Chiara era mora e faceva girare le teste. Chiara era finita nei cinquantuno del Piolet. Chiara riusciva a respirare solo in salita, dormiva bene solo accovacciata su una cengia, e sentiva forte la vita solo quando se la giocava ai dadi sulla punta dei polpastrelli. Solo era anche la parola preferita di Chiara. Per lei una cosa era solo o non era. Io invece. Appena dopo i trentacinque avevo già in testa un mocio sale e pepe. Pepe, si fa per dire. E le teste rimanevano fisse. A guardare altrove. Avevo iniziato a scalare tardissimo, dopo decenni di subacquea. La chiamavo verticalità inversa, che faceva fico. Detta così sembrava qualcosa di propedeutico. Di exploit, nomine, premi, nemmeno a parlarne. Ma soprattutto, dopo dieci anni di strizza, mezze chiamate della signora oscura, e un fulmine che mi aveva lasciato sorda per tre mesi, io avevo chiuso. Di alpinismo volevo sentirne parlare sì.
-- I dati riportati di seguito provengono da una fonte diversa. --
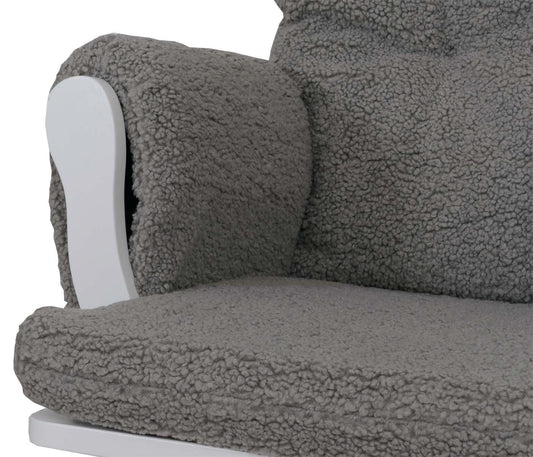 Cosmo Casa - Relax-Schommelstoel met Kruk - Bouclé Stof - Grijs - Wit Frame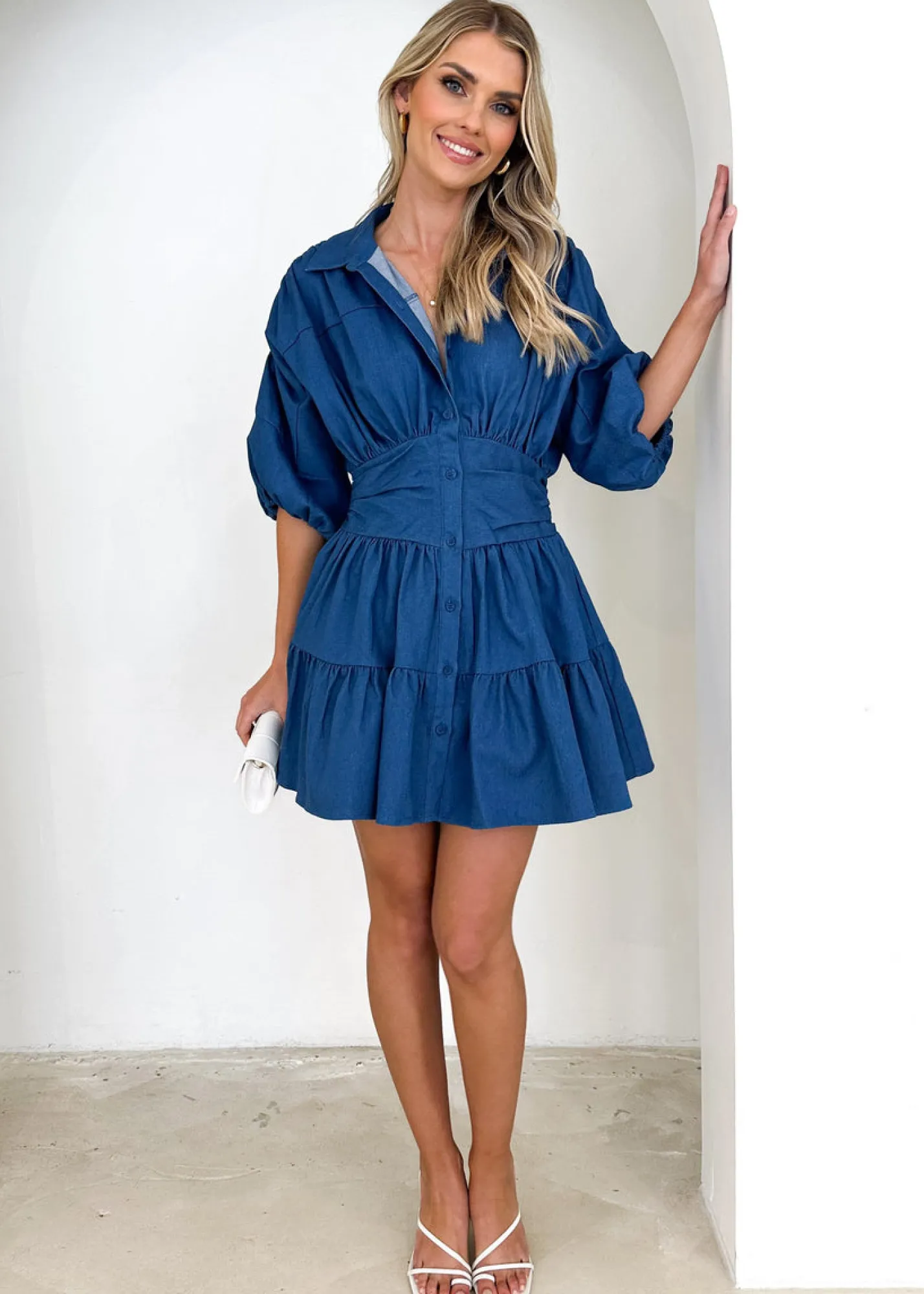 Women Gingham & Heels Short>Mathews Stretch Dress
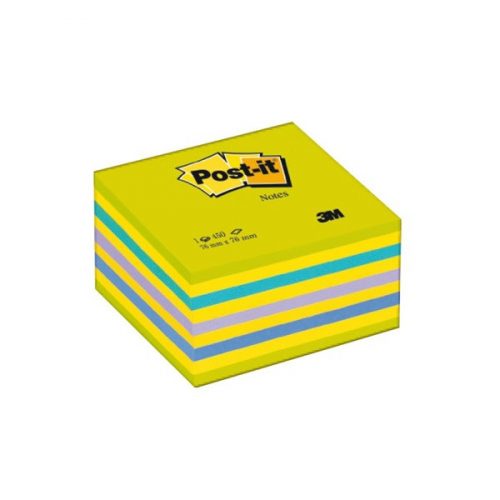 3M Post-it neon kék/zöld 76x76mm 450 lapos öntapadó kockatömb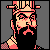 Pixel art icon of a character with striped hat, mustache, and checkered bag against gray background.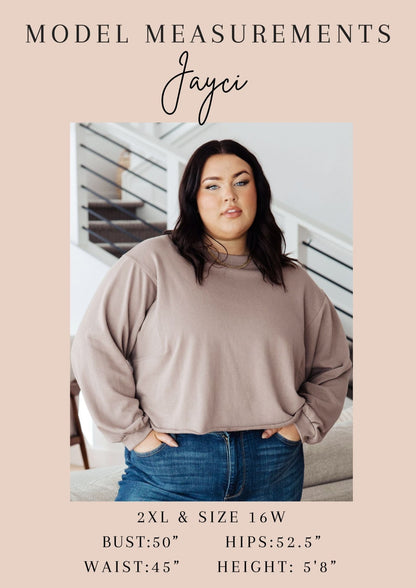 Lounge A Lot Cut Off Sweatshirt in Mocha (Online Exclusive) - Uptown Boutique Ramona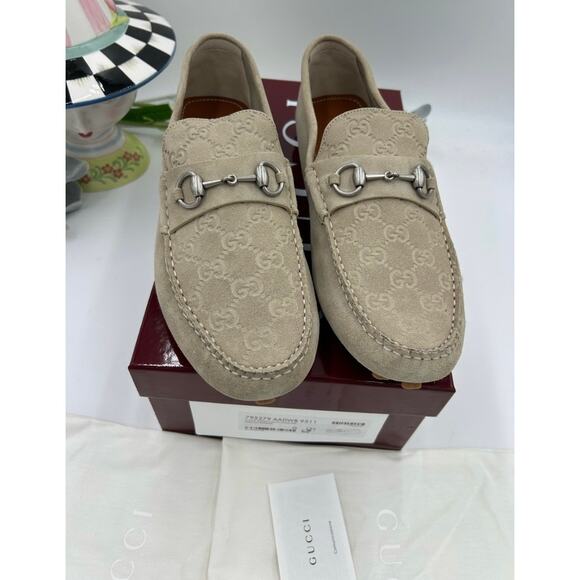 Men\'s Gucci suede GG embossed loafers size 12.5 fits 13 US made in Italy main image 10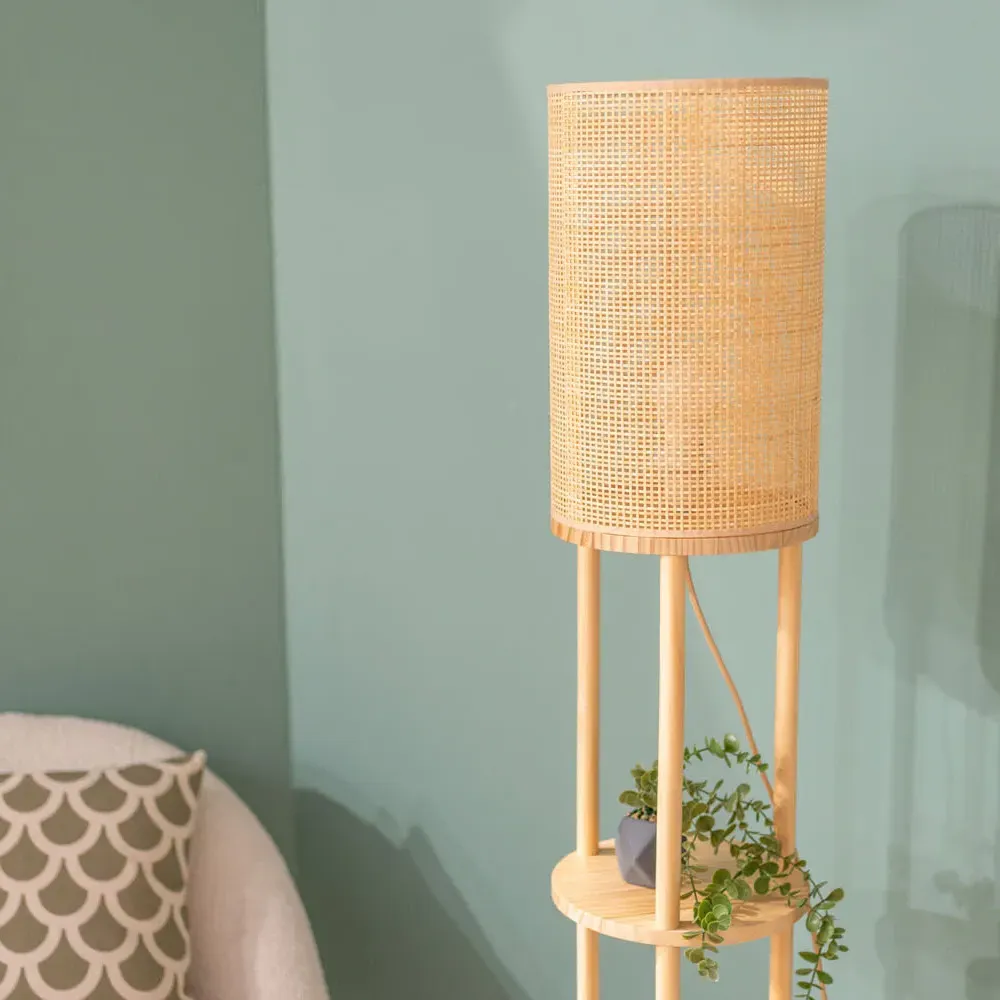 Elsa 3 Tier Floor Lamp with Shelves - Cream, Natural Wood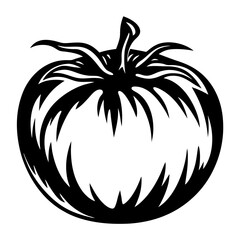 Monochrome tomato illustration with stylized leaf and stem details for art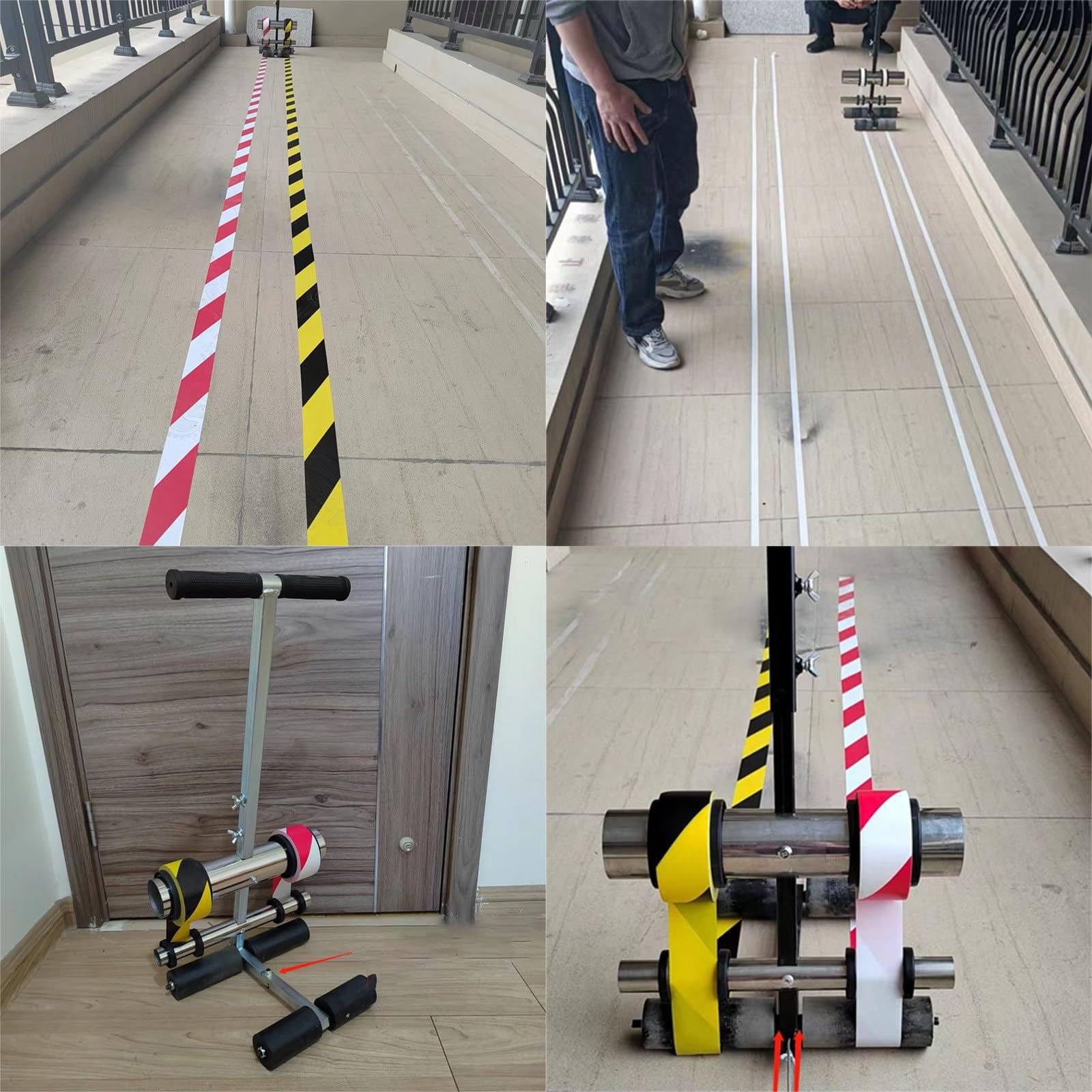 Máquina de marcado de cinta, aplicador manual de cinta de suelo con kit de círculo de dibujo, kit de marcado de cancha de baloncesto, para entrada, garaje, parque de pelotas, máquina de cinta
Sui social network, però. In televisione, le due o tre volte l’anno in cui Alex mi convinceva ad accenderla. Quell’inverno sognavo già la mia muta nuova. Il tuffo morbido nella verticalità inversa. E questo anche se l’unica volta in cui me l’ero vista davvero brutta era stata a meno quaranta. Metri.

Quindi perché proprio io? Perché Chiara continuava a insistere? Con tutta la gente che sbrodolava per accompagnarla in capo al mondo. Uomini e donne. Perché voleva me per quella parete maledetta?

“La possiamo salire solo così.” Solo. Appunto. E al telefono aveva quella voce lì, quella che conoscevo. Quella che ti lasciava sul palato il sapore ferroso della paura ancora prima di riuscire a rispondere.

“Non lo so. Sto attraversando una fase strana.” Se la prendevo da lontano, magari riuscivo a fare breccia. “Sono completamente disallineata rispetto ai miei desideri. Hai presente?” Il gorgo mugugnante significava che no, non aveva presente. “Quando vuoi essere da qualche parte, ti sforzi e poi finalmente ci sei. Ma appena ci sei ti accorgi che vorresti essere altrove.”

“Hai ripreso con quella robaccia.” Forse ero stata troppo vaga. “Adesso vengo lì e lo prendo a calci in culo.”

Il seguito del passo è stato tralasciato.